妻:小学校の高学年ってな。
夫:ウンウン。
妻:女子が色気付く頃やん。
夫:そうかなあ。
妻:クラスの女子はな。
夫:ウンウン。
妻:好きな男の子のことばっかり話題にするねん。
夫:そうなんや〜。男子はそんなことなかったと思うけどなあ。
妻:アタシはそのへん、子供で。
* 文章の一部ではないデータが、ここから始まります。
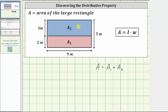And now let's find these three areas using the area formula for a rectangle, which is length times width. Remember, the area of a rectangle indicates how many square units will fit inside the given rectangle. So A, the area of the large rectangle, is equal to nine meters times five meters.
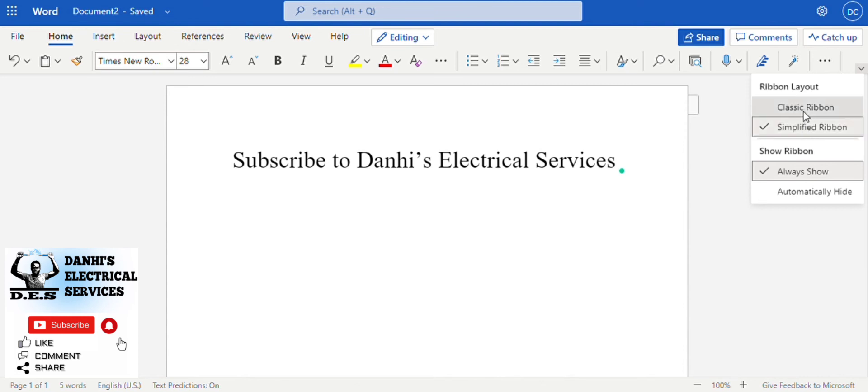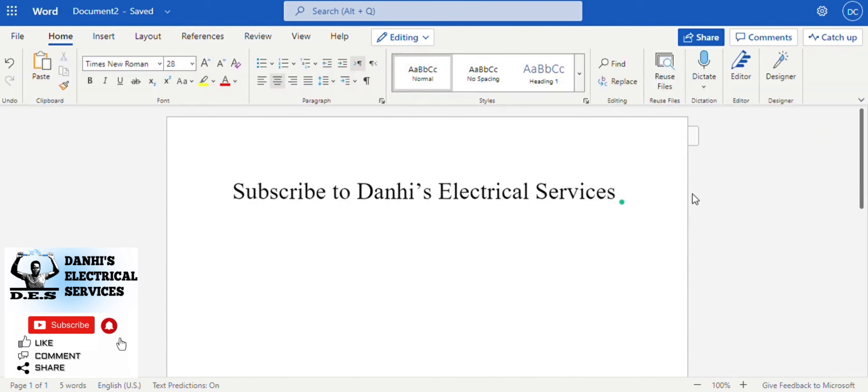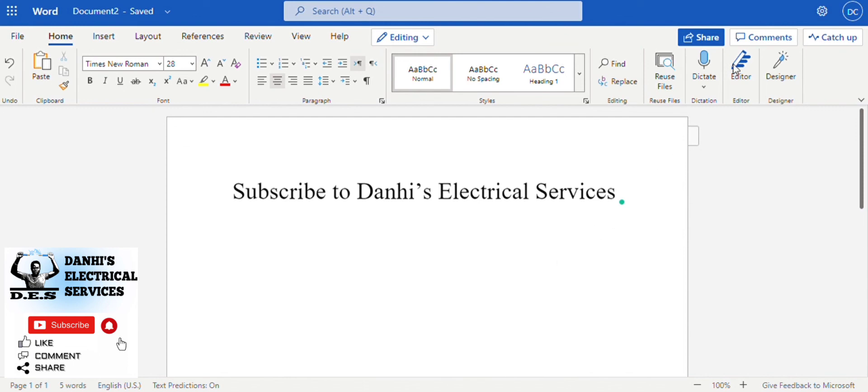And voila, here you have it. Thank you for watching this video guys. Please feel free to read what you see on the screen and follow the instructions. Thank you.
遅れてたから。
夫:そうなん?
妻:オパーイとかも、まだぜんぜん、真っ平らやったし。
夫:それは今でも…
妻:え?
夫:何も言ってないよ?
妻:好きな男子とかも、特にいてへんかってん。
夫:なんか、わかる気がするわ。
妻:でも、そんな話ができないと、仲間はずれにされるからな。
夫:ウンウン。
妻:周りの女子には、いちばん、当たりさわりのない、オーツカくんのことが好き、ってウソいうててん。
夫:え?なんで?
妻:オーツカくんは、人気がないからな。
夫:オーツカくん…
妻:他の女子と、競合せえへんねん。
夫:なるほど。
妻:だから、アタシが好きっていうても、他の女子との間に波風が立たへんねん。
夫:ずるいなあ!
妻:オーツカくんに悪いことしたな…
夫:オーツカくんに直接の被害はないやん。
妻:でも、アタシが仲間はずれになることを防ぐための、オトリとしてだけ使われて、捨てられた…
夫:ほんまやね。
妻:オーツカ・何くんやったか、下の名前すら覚えてない。
夫:かわいそうに。
妻:それどころか、どんな容姿やったかさえ、ぼんやりとしか覚えてない…
夫:覚えといてあげてよ…
妻:オトリとして使ってごめんね、オーツカくん。
夫:オーツカくんはその事実は知らんけどね。
妻:オーツカくんの未来に、幸あれ。